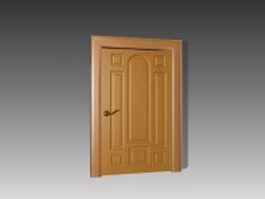 Wood entry door 3d model preview
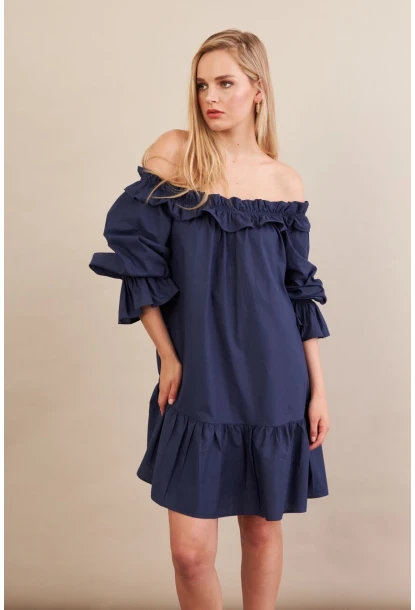 Kadın Lacivert Madonna Yaka Midi Elbise PSG1012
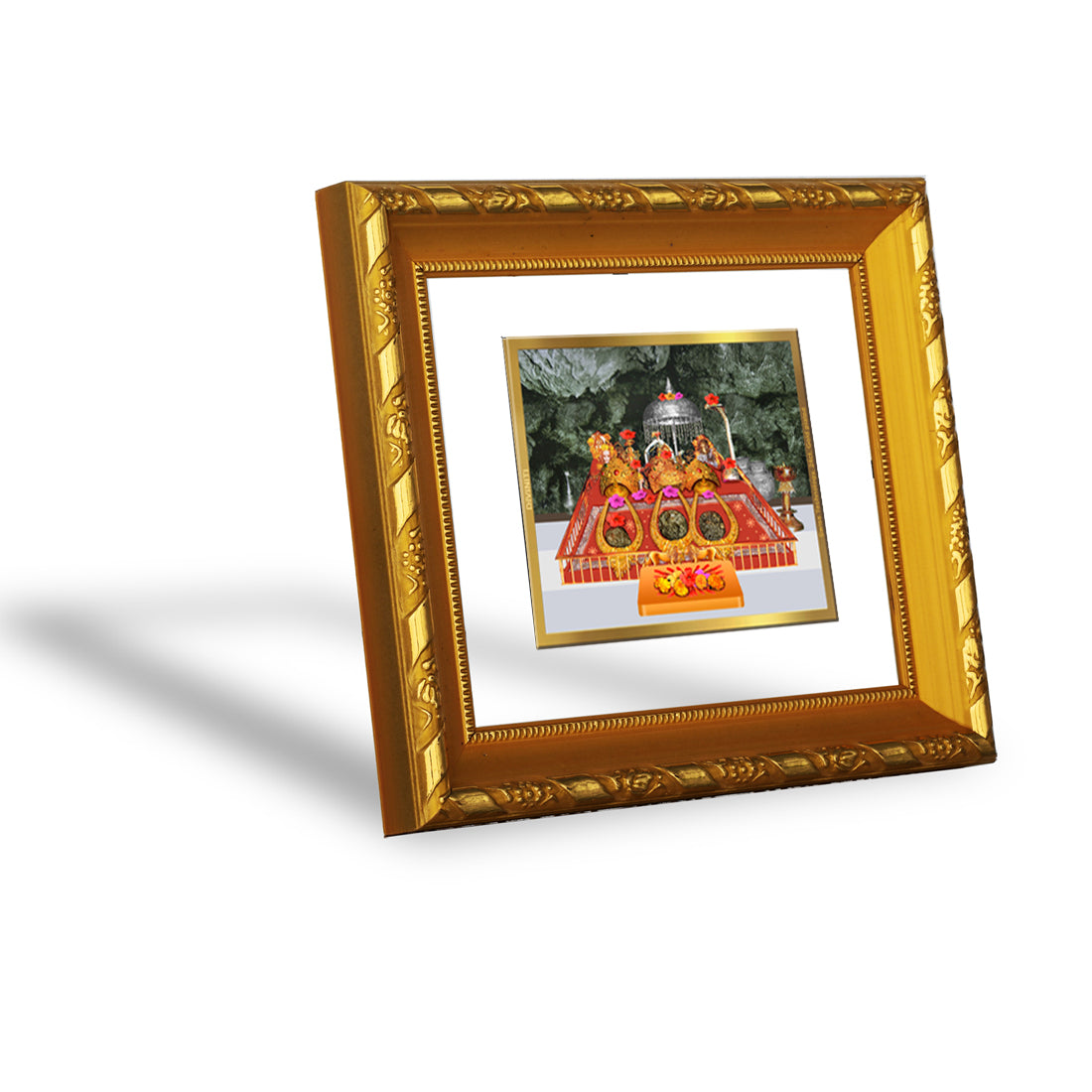 DIVINITI 24K Gold Plated Foil Mata Ka Darbar Wall Photo Frame for Home Decor, Navratri Gift DG 103 Size 1 (15.3x14.9 CM)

____________

Write out the material above once more, exactly as it reads, with no pictures.

▶ Output for this task:
 Wood entry door 3d model preview
 Kadın Lacivert Madonna Yaka Midi Elbise PSG1012
 DIVINITI 24K Gold Plated Foil Mata Ka Darbar Wall Photo Frame for Home Decor, Navratri Gift DG 103 Size 1 (15.3x14.9 CM)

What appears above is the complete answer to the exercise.